For this exercise, output exactly and only the lines running from the one with "Web stranica tvrtke" through the final line of the data below, without pictures.

>>>

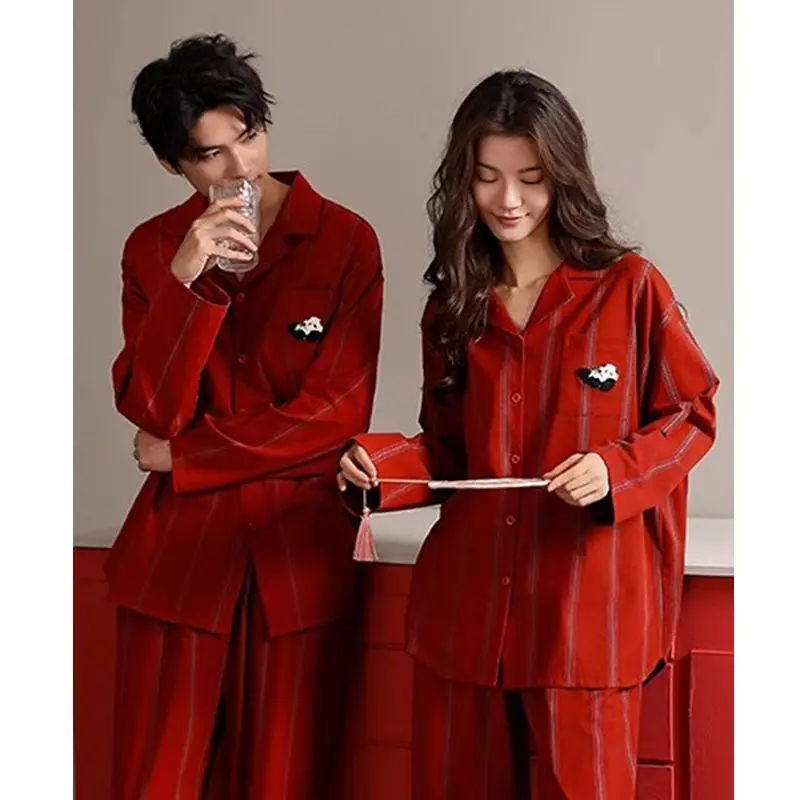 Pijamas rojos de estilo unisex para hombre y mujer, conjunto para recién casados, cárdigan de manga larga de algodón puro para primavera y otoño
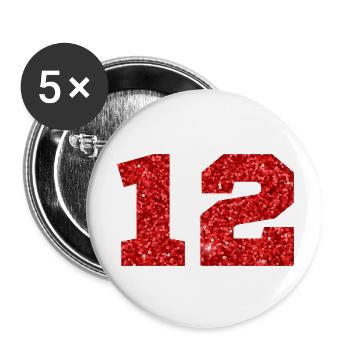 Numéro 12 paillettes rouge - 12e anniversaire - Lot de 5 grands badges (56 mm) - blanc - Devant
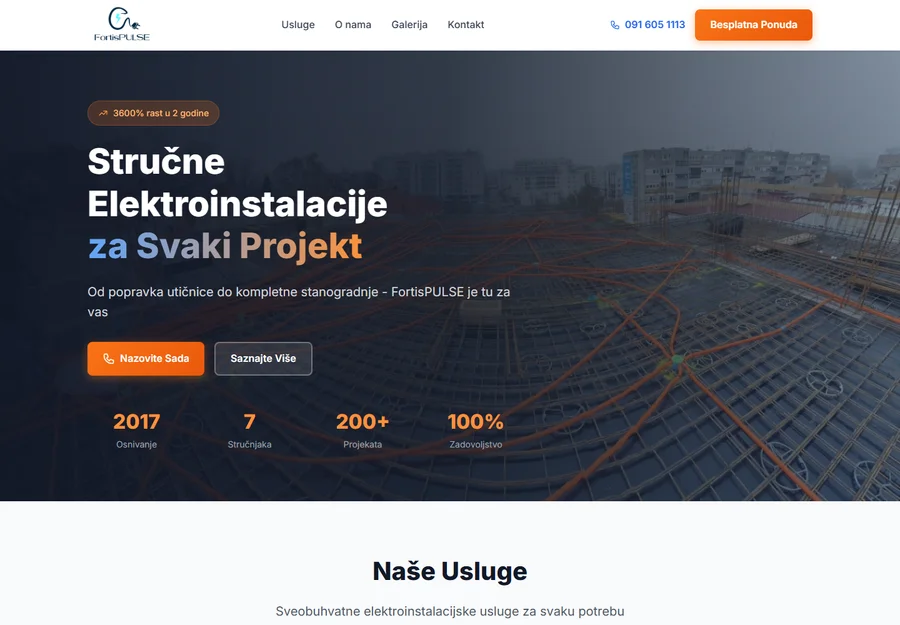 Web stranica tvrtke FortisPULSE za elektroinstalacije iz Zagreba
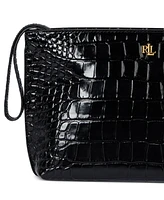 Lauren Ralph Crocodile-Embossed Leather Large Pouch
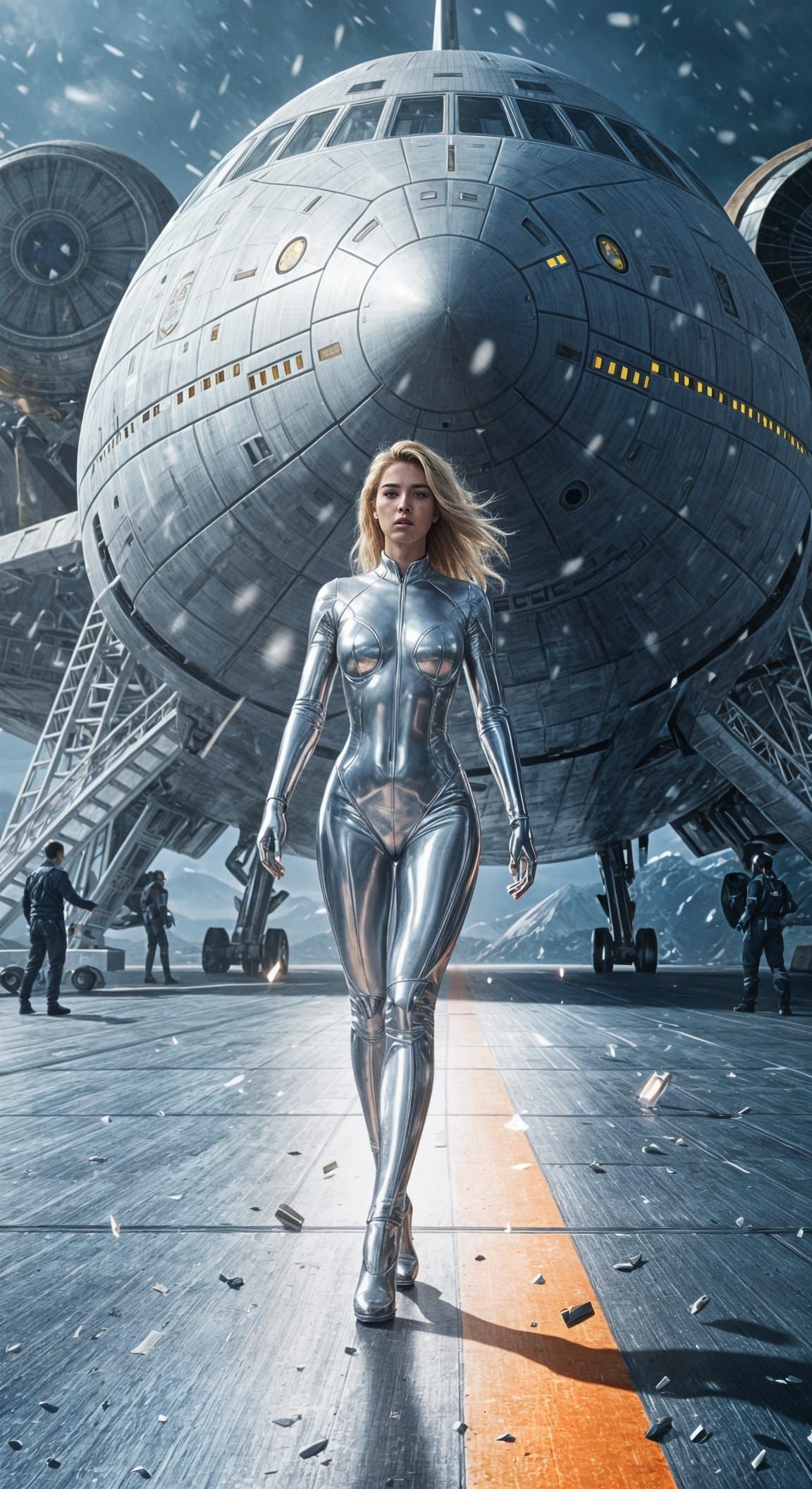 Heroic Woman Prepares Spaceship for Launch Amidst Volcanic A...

<<<

[Solution below]
 Web stranica tvrtke FortisPULSE za elektroinstalacije iz Zagreba
 Lauren Ralph Crocodile-Embossed Leather Large Pouch
 Heroic Woman Prepares Spaceship for Launch Amidst Volcanic A...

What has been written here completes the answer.